■ EXERCISE DETAILS ■
Reproduce all the records word for word. Omit images.

■ Saved data entries ■
Content starts

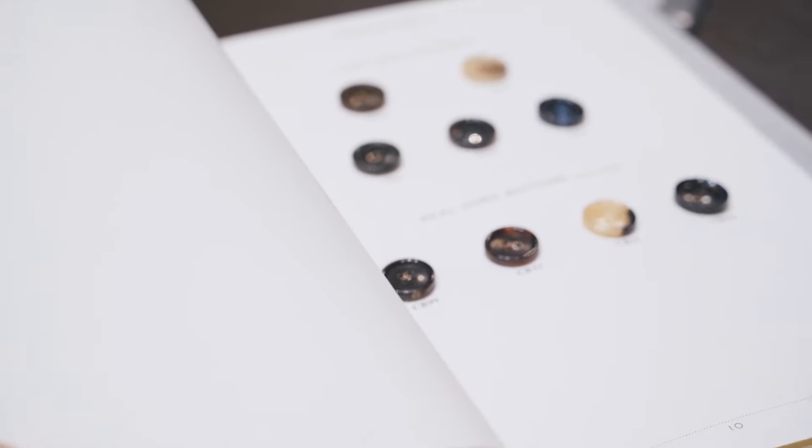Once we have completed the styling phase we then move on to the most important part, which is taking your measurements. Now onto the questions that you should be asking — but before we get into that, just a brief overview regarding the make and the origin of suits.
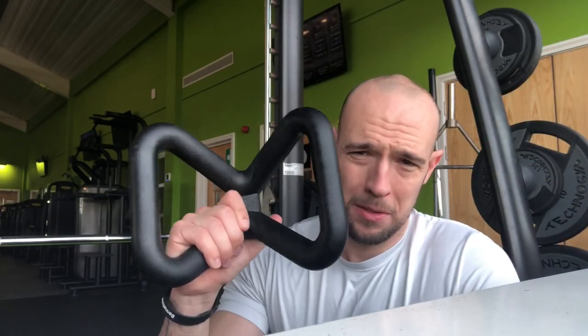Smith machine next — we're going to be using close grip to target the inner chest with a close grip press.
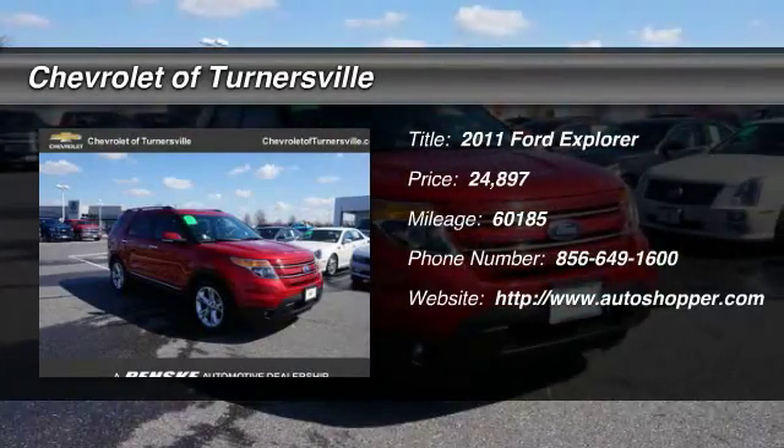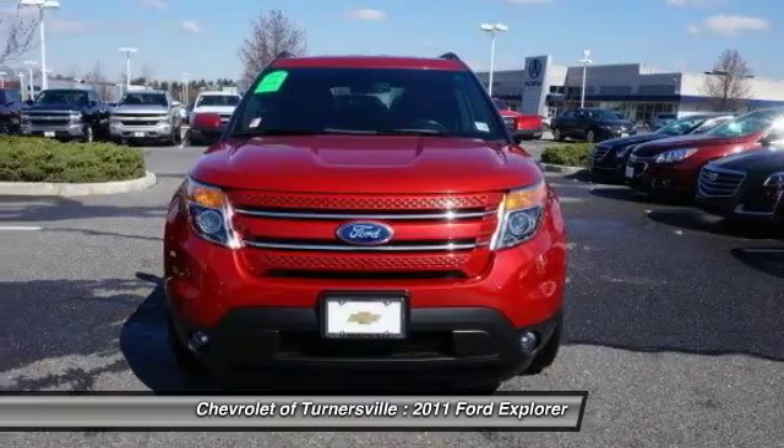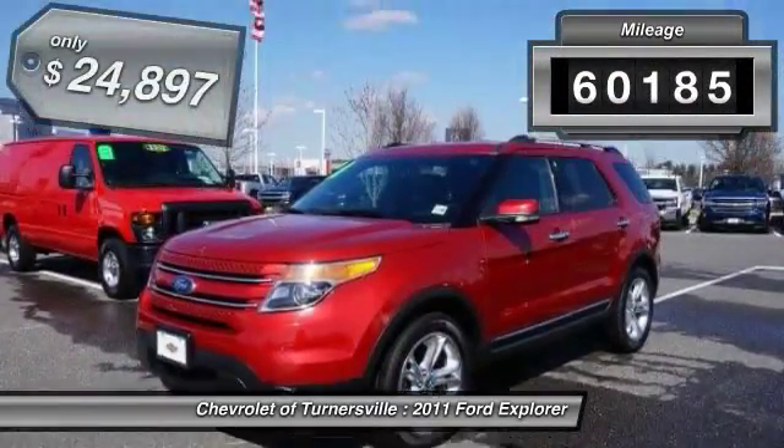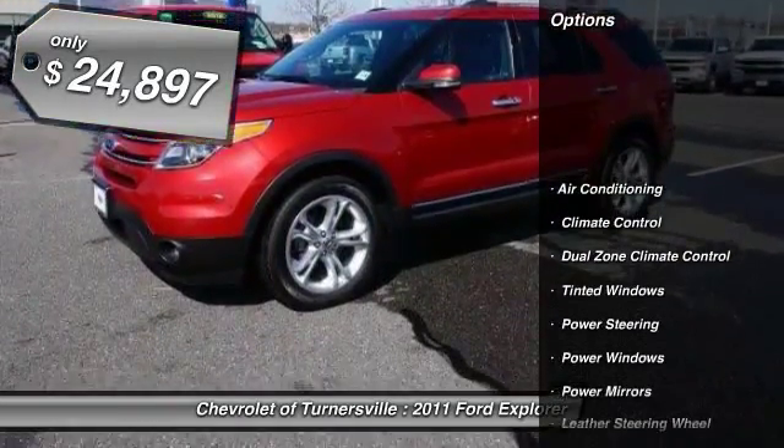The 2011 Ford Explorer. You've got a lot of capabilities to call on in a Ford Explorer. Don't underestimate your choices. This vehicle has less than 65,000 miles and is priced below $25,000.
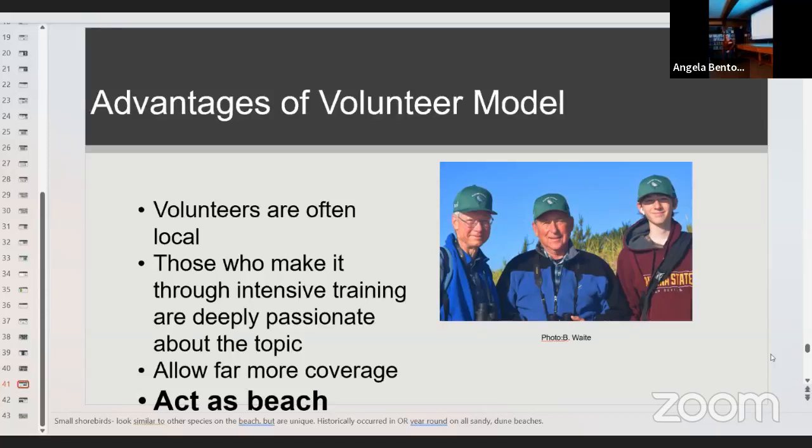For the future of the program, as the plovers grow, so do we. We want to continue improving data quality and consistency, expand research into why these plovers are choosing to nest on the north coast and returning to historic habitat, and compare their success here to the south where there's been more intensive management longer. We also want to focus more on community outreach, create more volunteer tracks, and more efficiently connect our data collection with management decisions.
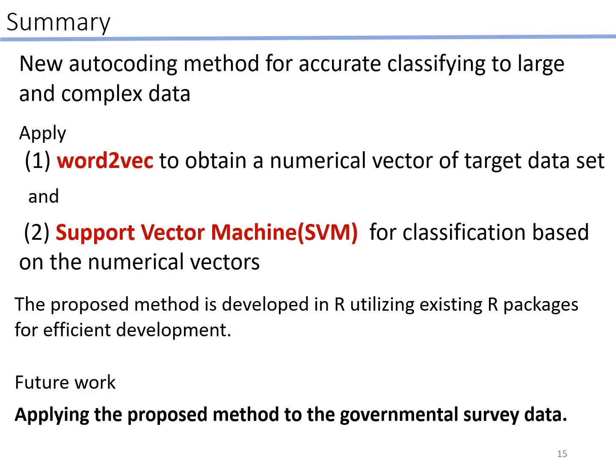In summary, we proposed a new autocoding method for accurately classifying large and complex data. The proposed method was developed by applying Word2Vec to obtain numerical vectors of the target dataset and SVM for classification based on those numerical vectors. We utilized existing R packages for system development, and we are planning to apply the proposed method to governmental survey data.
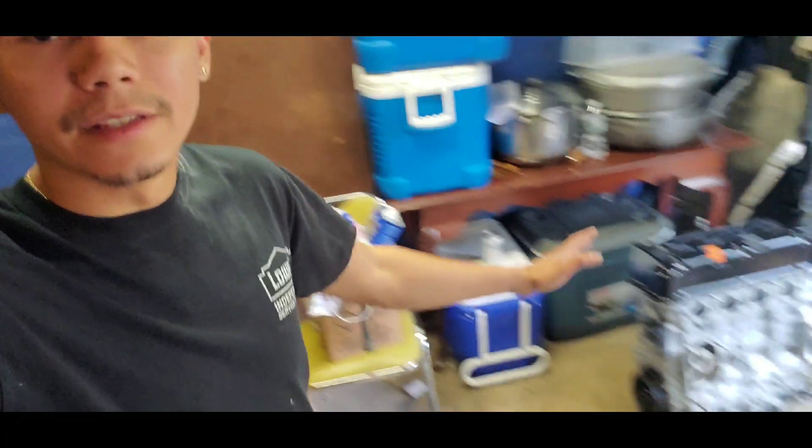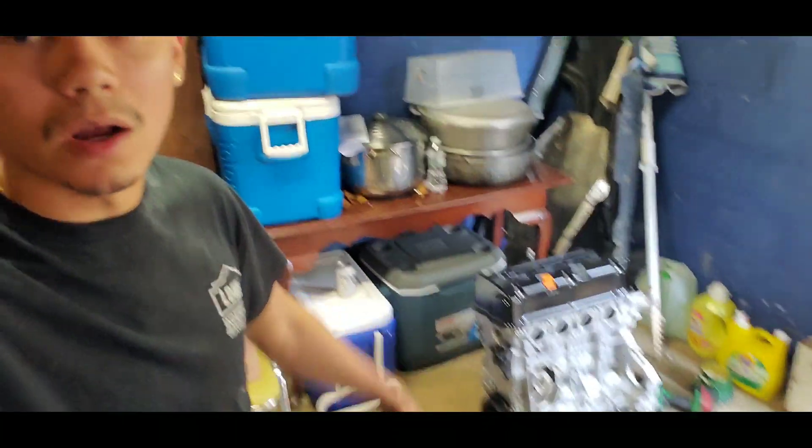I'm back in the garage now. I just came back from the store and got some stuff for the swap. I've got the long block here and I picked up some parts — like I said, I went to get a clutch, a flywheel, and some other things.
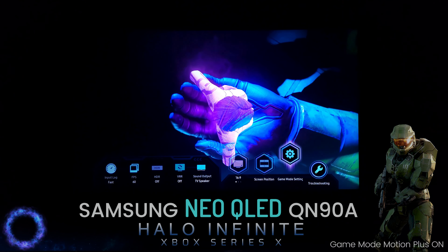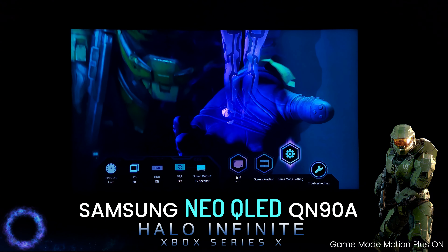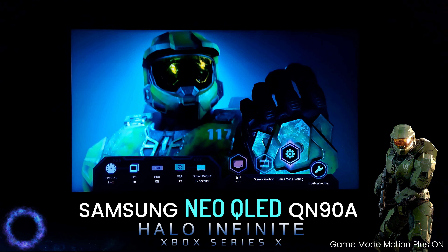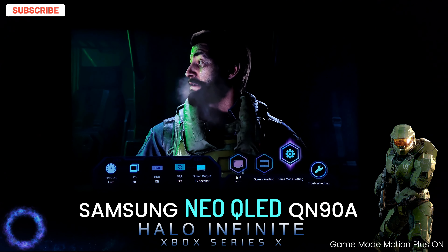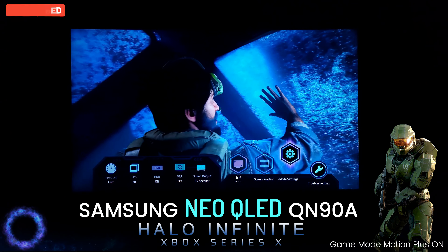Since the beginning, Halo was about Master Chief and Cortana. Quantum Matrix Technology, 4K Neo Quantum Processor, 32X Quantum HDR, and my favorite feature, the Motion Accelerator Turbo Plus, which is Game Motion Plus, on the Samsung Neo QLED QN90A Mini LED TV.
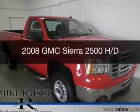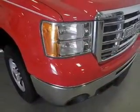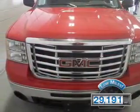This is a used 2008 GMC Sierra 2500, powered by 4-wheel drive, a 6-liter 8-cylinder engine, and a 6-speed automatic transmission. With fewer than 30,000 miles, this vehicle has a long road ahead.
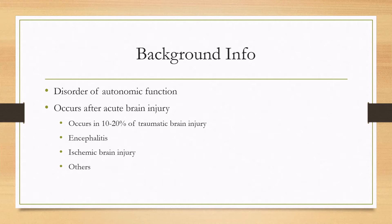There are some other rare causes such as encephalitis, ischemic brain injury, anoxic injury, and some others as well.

Content ends

■ WRITTEN RESPONSE ■
Once we have completed the styling phase we then move on to the most important part, which is taking your measurements. Now onto the questions that you should be asking — but before we get into that, just a brief overview regarding the make and the origin of suits.
Smith machine next — we're going to be using close grip to target the inner chest with a close grip press.
The 2011 Ford Explorer. You've got a lot of capabilities to call on in a Ford Explorer. Don't underestimate your choices. This vehicle has less than 65,000 miles and is priced below $25,000.
For the future of the program, as the plovers grow, so do we. We want to continue improving data quality and consistency, expand research into why these plovers are choosing to nest on the north coast and returning to historic habitat, and compare their success here to the south where there's been more intensive management longer. We also want to focus more on community outreach, create more volunteer tracks, and more efficiently connect our data collection with management decisions.
In summary, we proposed a new autocoding method for accurately classifying large and complex data. The proposed method was developed by applying Word2Vec to obtain numerical vectors of the target dataset and SVM for classification based on those numerical vectors. We utilized existing R packages for system development, and we are planning to apply the proposed method to governmental survey data.
I'm back in the garage now. I just came back from the store and got some stuff for the swap. I've got the long block here and I picked up some parts — like I said, I went to get a clutch, a flywheel, and some other things.
Since the beginning, Halo was about Master Chief and Cortana. Quantum Matrix Technology, 4K Neo Quantum Processor, 32X Quantum HDR, and my favorite feature, the Motion Accelerator Turbo Plus, which is Game Motion Plus, on the Samsung Neo QLED QN90A Mini LED TV.
This is a used 2008 GMC Sierra 2500, powered by 4-wheel drive, a 6-liter 8-cylinder engine, and a 6-speed automatic transmission. With fewer than 30,000 miles, this vehicle has a long road ahead.
There are some other rare causes such as encephalitis, ischemic brain injury, anoxic injury, and some others as well.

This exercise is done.